The Disney movies have been with me all my life so far:
From Snowwhite,Pinocchio,Fantasia,Dumbo,Bambi,Cinderella,Alice in Wonderland,Peter Pan,The Sword in the Stone,Robin Hood,Aristocats,Winnie Puh to Arielle,Aladdin,Lion King,Pocahontas,The Hunchback,Hercules,Mulan,Tarzan.......

I was convinced from 2019er Aladdin.Also from Will Smith.Yes that was a good work from "Disney".

So I had good hope for 2019er Lion King.Sadly a very bad mistake from me.
I am still speechless what they have done with the 1994er Lion King "Masterpiece" of Animation Movies (with Computer "support").

And to be honest, the "movie pleasure" has cost me today thank God nothing. It would have been a waste of money for me. The 120 minutes of my life are just gone....

One of my greatest Childhood memory,another Pillar of my childhood goes down the drain.....

Thank you.


----------



## plasturion (Jul 25, 2019)




----------



## AsPika2219 (Jul 28, 2019)

Nice 2 lions for Simba and Kimba.


----------



## Taleweaver (Aug 2, 2019)

Okay...so my girlfriend dragged me into this movie the other weekend. In "4DX", no less, which was a first for me.

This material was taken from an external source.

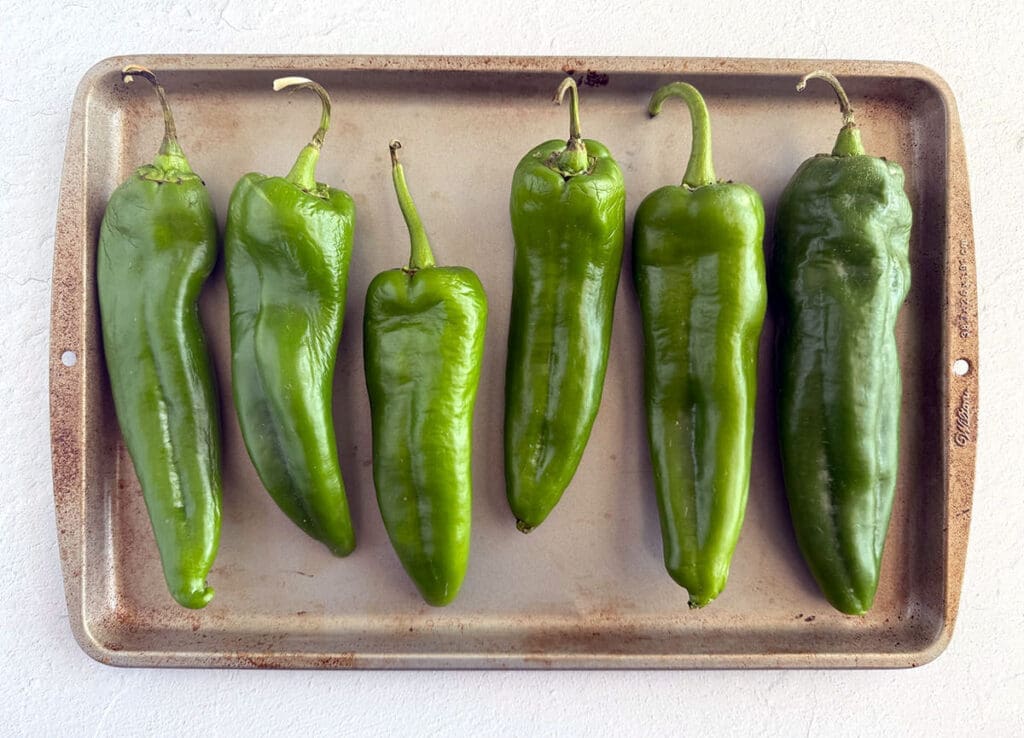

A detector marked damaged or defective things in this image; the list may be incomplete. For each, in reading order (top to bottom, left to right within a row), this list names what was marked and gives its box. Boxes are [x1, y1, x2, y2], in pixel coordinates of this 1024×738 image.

rusty baking sheet [48, 54, 974, 671]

For those unfamiliar with 4DX (I certainly was)...it's a bunch of technology that "makes you feel more immersed in the movie". Meaning: the chairs can hover and rock about, it can make floating bubbles and smoke, splash water (which luckily can be turned off) and spray some perfume. Oh, and there are some more lightning effects going on.
It's impressive, but...is probably better fitted for pure action movies or even just those virtual space rides. For this sort of movie*, it was mostly overkill. Not distracting, luckily enough, but hardly an extra.


...the movie, on the other hand far, far, FAR exceeded my expectations. And it deserves some closer look...

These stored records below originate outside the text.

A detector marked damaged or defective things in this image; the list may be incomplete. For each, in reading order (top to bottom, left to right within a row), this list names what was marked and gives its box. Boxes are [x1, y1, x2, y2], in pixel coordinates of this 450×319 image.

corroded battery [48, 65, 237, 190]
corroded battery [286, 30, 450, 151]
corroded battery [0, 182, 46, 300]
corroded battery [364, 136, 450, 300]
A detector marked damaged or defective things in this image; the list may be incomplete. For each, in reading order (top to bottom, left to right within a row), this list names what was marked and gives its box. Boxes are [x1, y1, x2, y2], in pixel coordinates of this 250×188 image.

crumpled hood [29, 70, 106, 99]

I've seen the lion king as a kid (can't remember if it was in a theater...it's too long ago). Quite good, but I never was much into Disney cartoons even back then. It was just a courteous move toward my girlfriend to agree to come with her, or I would've skipped it.

Also: I've seen computer animations rise since toy story (from a distance: as said...I'm not their main audience). Movies like finding nemo and Coraline are all "it's nice, but not really believable". Heck...before Lord of the Ring's Gollum, having animated characters in a movie automatically counted as a negative (Jar-Jar, anyone?). And okay, I liked Avatar, but even that was a good movie rather despite whatever the technology was that made things possible (meaning: when I watched it years later on television, I thought it was exactly the same).

Most likely, this technology just kept on progressing without me paying attention until now. And...well...there is this field in robotica, that is actually described as being "the uncanny valley". As long as robots are clearly distinct from humans, we don't really mind. But the "the closer it is to actually being human the better the likeness" isn't a straight curve. At one point, it takes a serious dip downwards. This is the "horror movie" situation, where things on the surface seem recognizable, but where tiny details trigger our internal warning signals. The solution is to keep at it: once the improvement is even better, it becomes 'normal' again.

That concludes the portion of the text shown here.